Its so hard knowing that you cant tell them how much you love them. Its really confusing because i dont know what to do! I wanted to tell her but my friend said not to because she might not understand the reasons. I want to just move on and forget about her but i cant she's always on my mind. I know that i still love her, i just cant seem to let her go :(
I dont know him... | Reviewer: Lyla | 3/22/09
We met as friends. We flirted, and my friend spilled the beans to him. We found out that we BOTH liked each other.Iknew him VERY well. I left the school for personal reasons, and I still like him. My BFF who still goes to that school told me the changes that happened to him and I miss the old him.I still love him, but I hate him. I miss him, but the old him. Not what he has become. I feel like I dont know him anymore.
theres better | Reviewer: *beenthere* | 2/1/09
reading through some of the comments some of you posted i can honestly say i've been there. hating someone...then seeing them and forgetting all the bad...only thinkin' of the good and how they once made you happy. it's cause i think ur currently not happy and then you almost forgive this person cause you think about the times they made you happy...even if they were few. i've moved on...only cause i've come to find TRUE happiness....so don't beat urself down over this person...cause you deserve better...and if HE/SHE was the best...then they'd be with you...right? So...hold out for better..it's out there...may take a month...make take 15 months...keep ur head high....you deserve the BEST!!
i love someone..... | Reviewer: Anonymous | 1/20/09
...but my best freind keeps slaging her of not knowing that i like her so i cant tell anyone i dont no what to do i will come back on this so please if you have any tips they would be most appreciated thanks.
Indeed broken | Reviewer: Rachel Jane | 12/10/08
this is a really awesome song, i hate to say this and never thought i would ever get to say this but yes, i do seem to relate to this song. My heart is indeed broken.
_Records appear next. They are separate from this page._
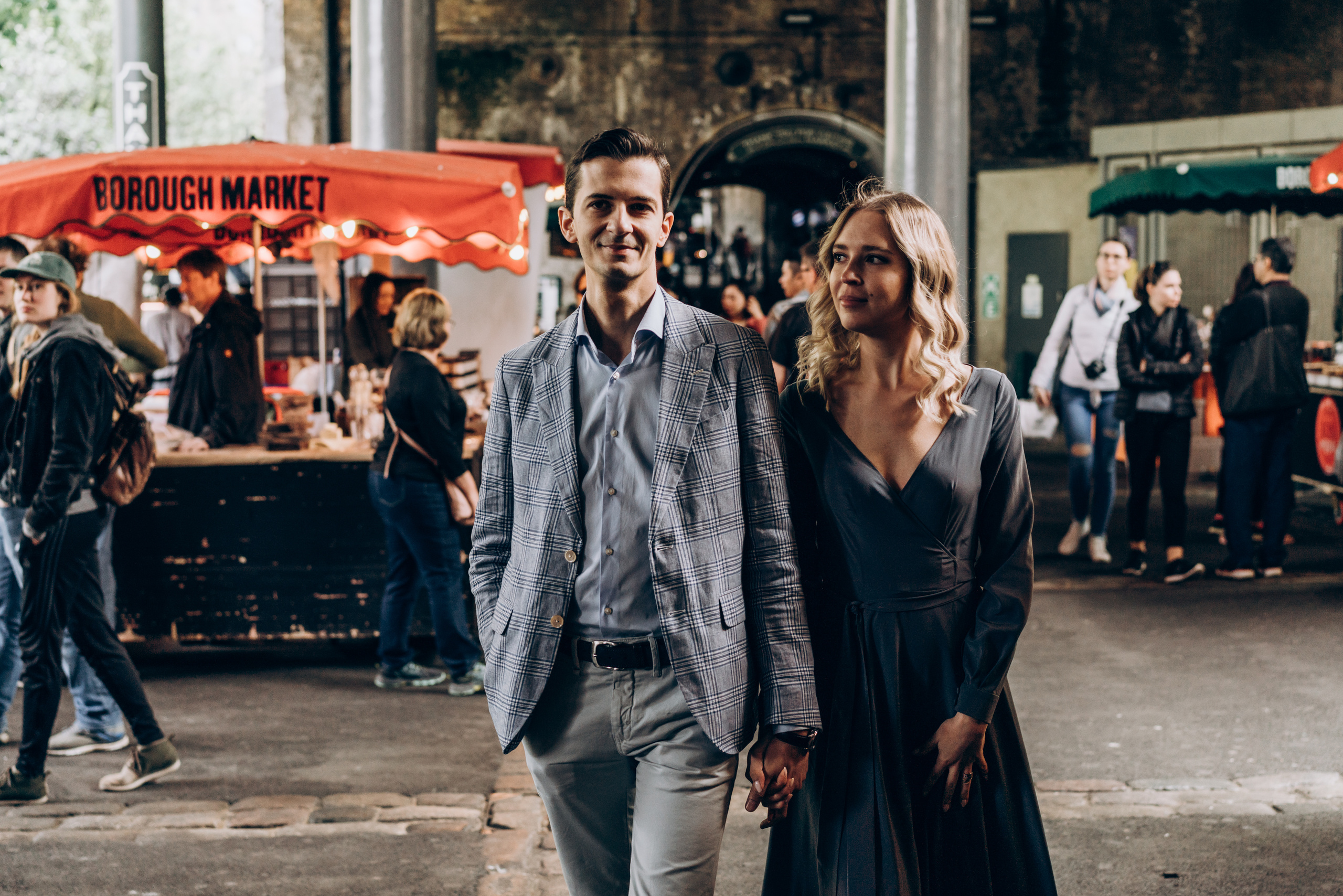 young couple walking through the market 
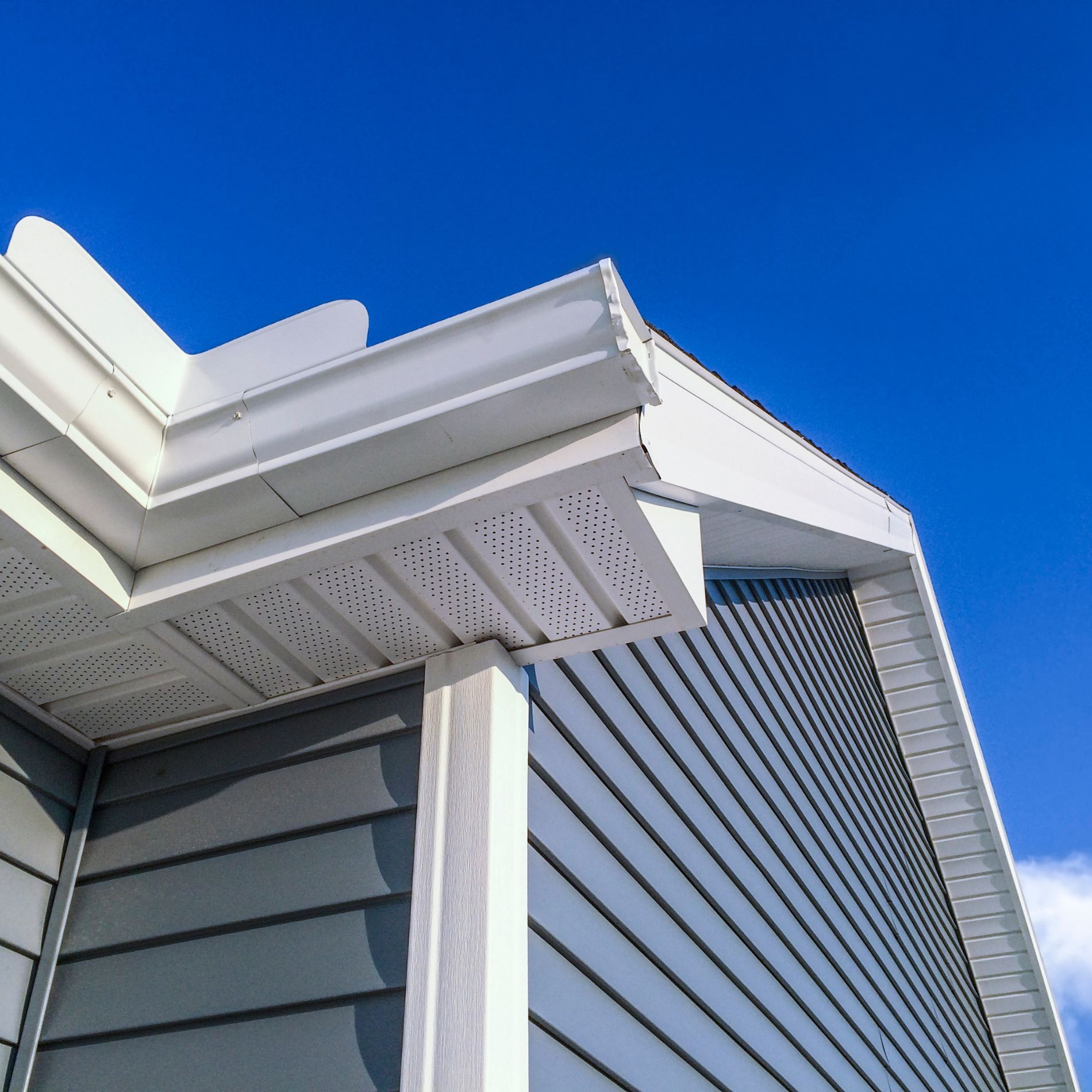 Corner of a house with blue siding, white trim, and a clear blue sky.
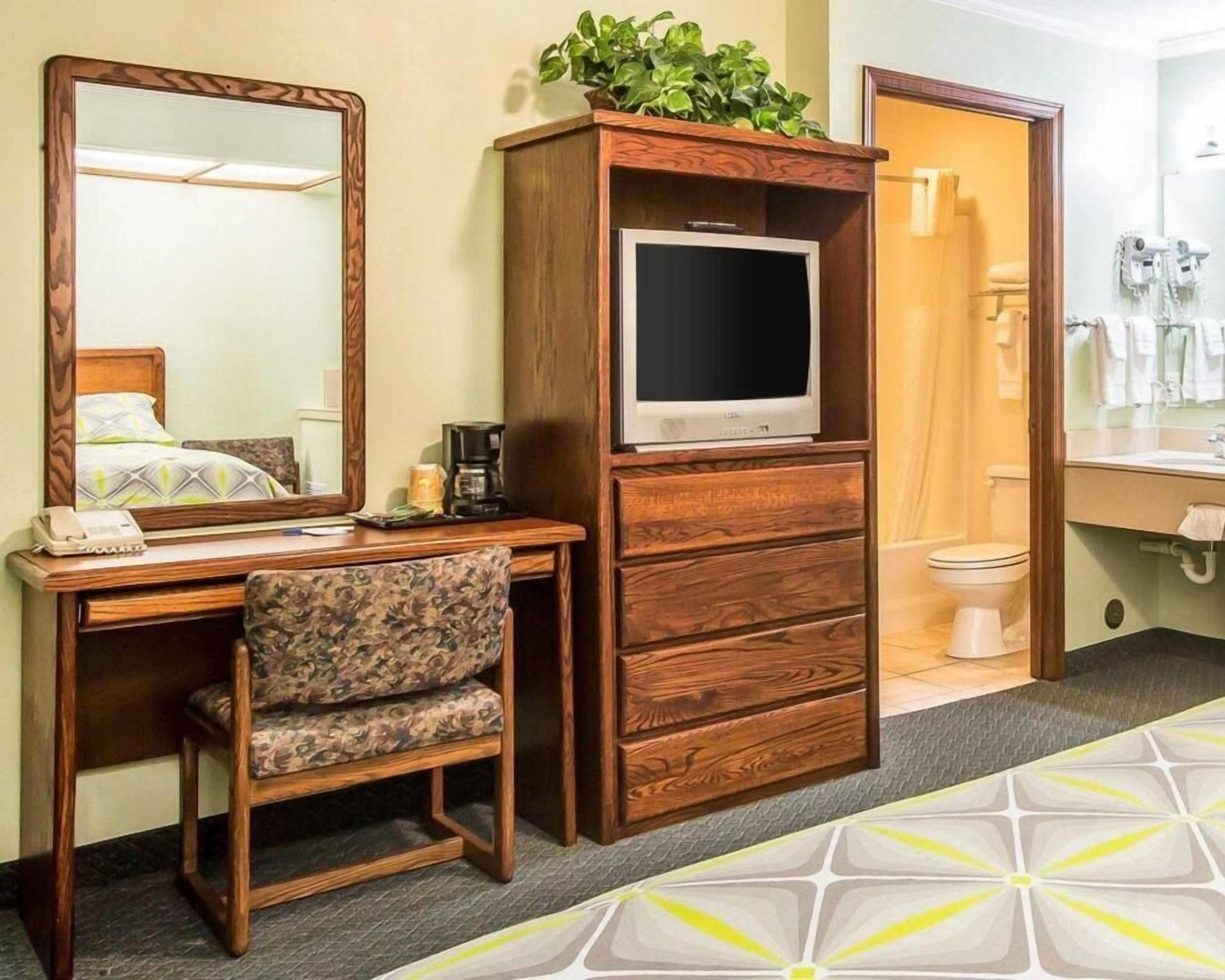 Desk, blackout drapes, iron/ironing board, rollaway beds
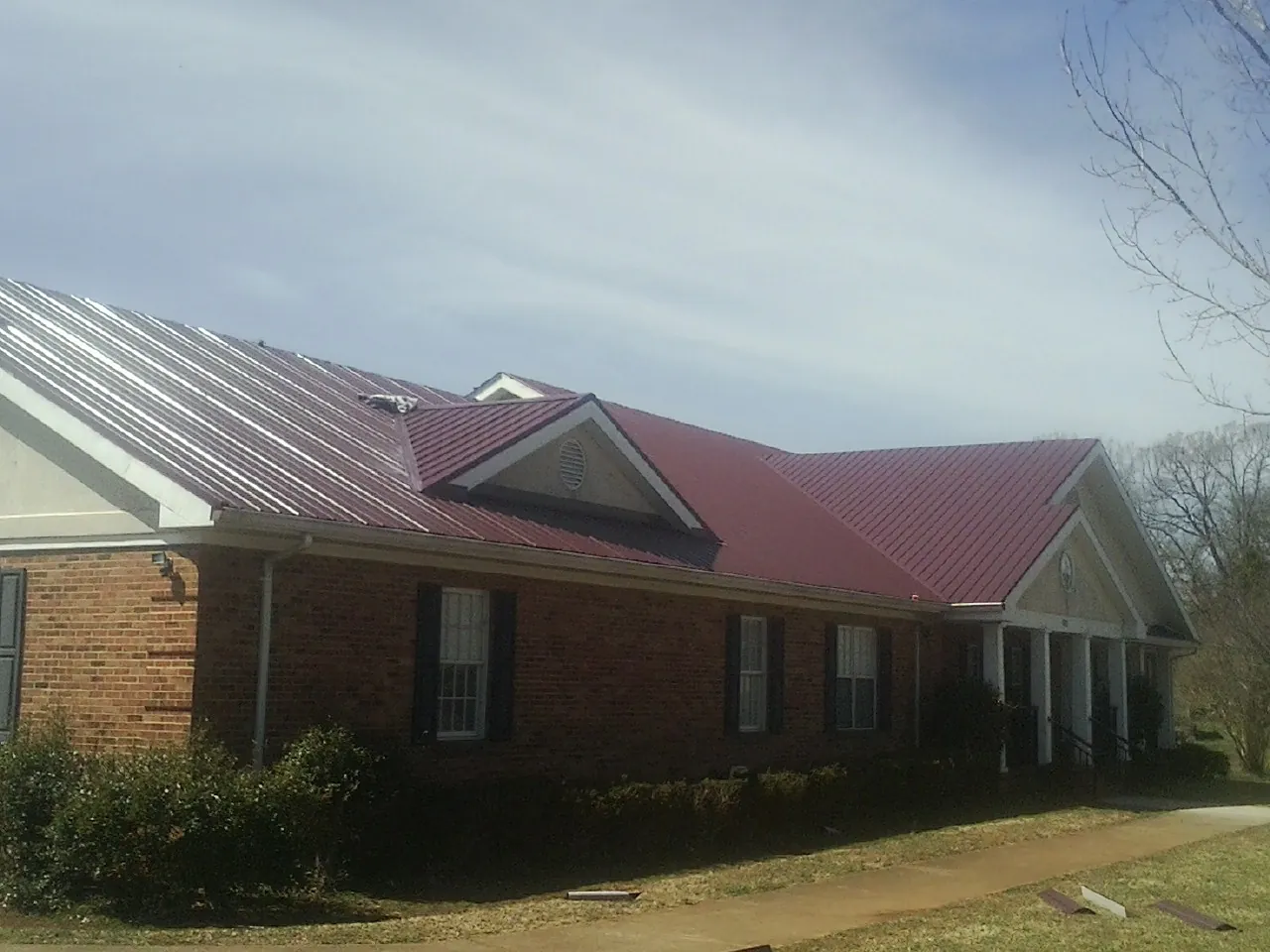 Red metal roof with gabled entries on a long brick building, from a Hail Damage Roof Repair job in Fultonham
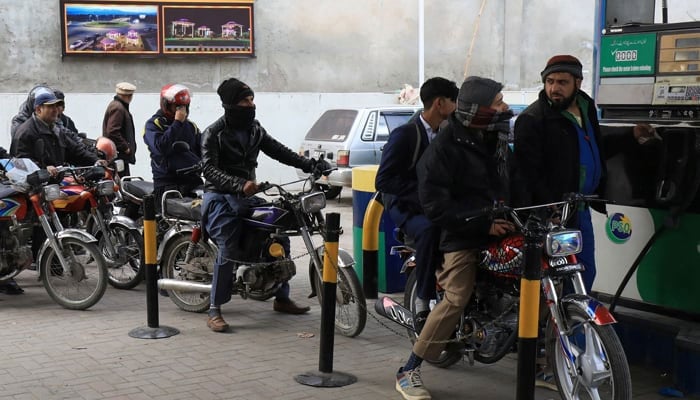 People wait for their turn to get fuel at a petrol station in Peshawar, on January 24, 2023. — Reuters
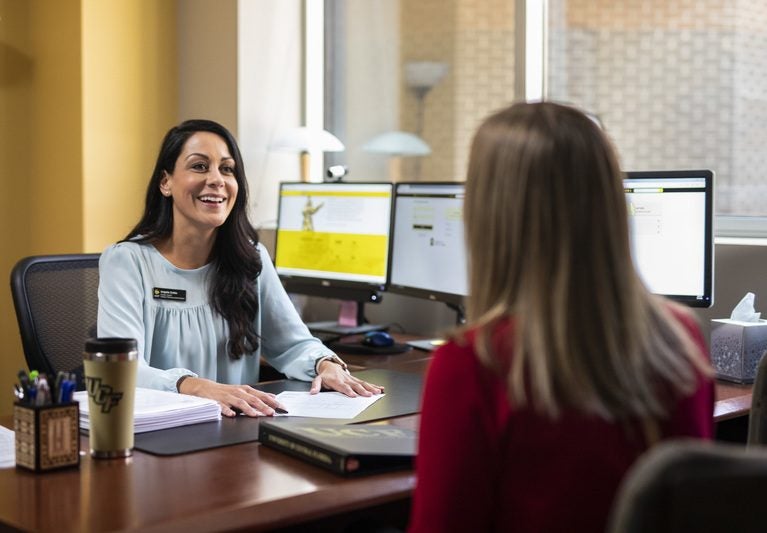 ucf employee sitting and desk, smiling and talking to female with back to camera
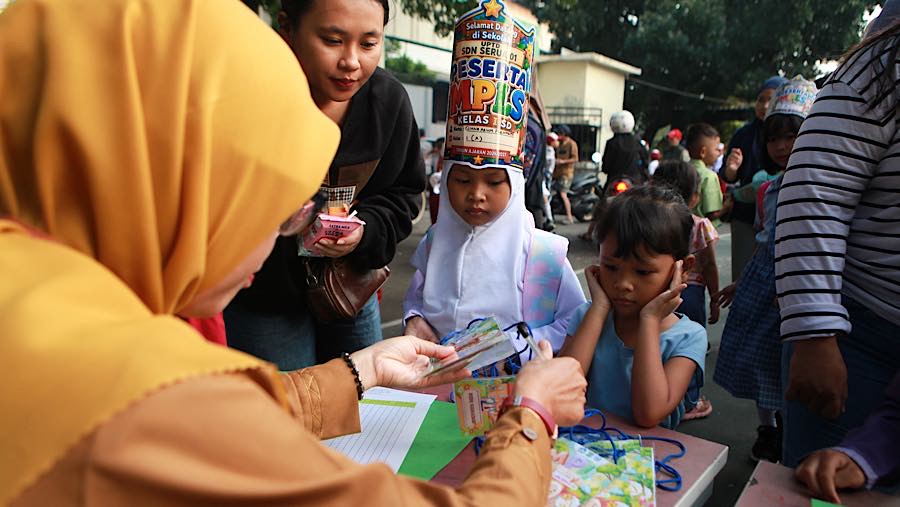 Orang tua mengantar anak saat hari pertama tahun ajaran 2026/2027 di SDN Serua 01 Ciputat, Senin (13/7/2026). (Bloomberg Technoz/Andrean Kristianto)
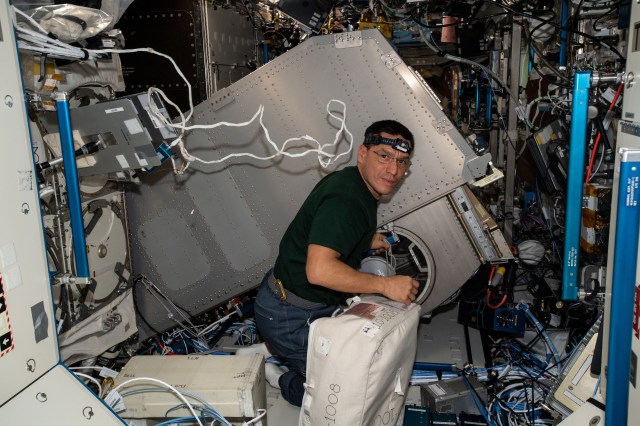 iss068e020375 (Nov. 1, 2022) --- NASA astronaut and Expedition 68 Flight Engineer Frank Rubio cleans fans. filters, and components inside the Microgravity Science Glovebox (MSG) after rotating it down from its rack slot in the U.S. Destiny laboratory module. The MSG hosts numerous space science experiments from physics to biology aboard the International Space Station. Credit: Josh Cassada/NASA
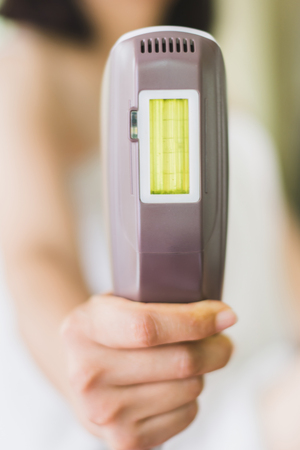 woman holding personal IPL lase epilation prepare for skin care at homeの写真素材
I dont feel like i can every let this go.
... | Reviewer: Anonymous | 12/2/08
i need to get this out of my system as well...there was this whole drama with this guy who was my friend's boyfriend, well not technically they were just messing around and she got pregnant so me and him were pretty good friends and recently dated but it eneded being up a disater for some reason i feel this strong connection to him and even though we aren't going out anymore i still feel like i'm attached to him and i can't let it go i tried forgetting him but somehow he always comes back up in the picture we recently hanged out and i acted like i didn't feel anything but after he left, i still feel like i'm so used to him...and at the same time i hate him because to me it seems like nothing of this kind is going on with him. i think he's going out with someone else already and i told myself that it didn't bother me but i realize that it does...it bothers me a lot and i get so mad and angry at him to the point that i wish i never met him...why do i hate him so much? then when i see him i tend to forget most of the bad things and he just has ways to make me smile
the lyrics. | Reviewer: Anonymous | 11/28/08
like most posts on here.. now i feel like i dont know him anymore. it is the 3rd year now after we broke up and i still love him. it just ended ... like without saying it was over, just felt it and then we didnt see each other again for a long time after that.... then met as friends? weird huh!? i have tried to forget him and date another guy that i sort of liked after him(now finished), thinking maybe i just need to get out there, i am not getting with other guys because i still love him and nothing seems to be changing that. it hurts. so stupid and sad.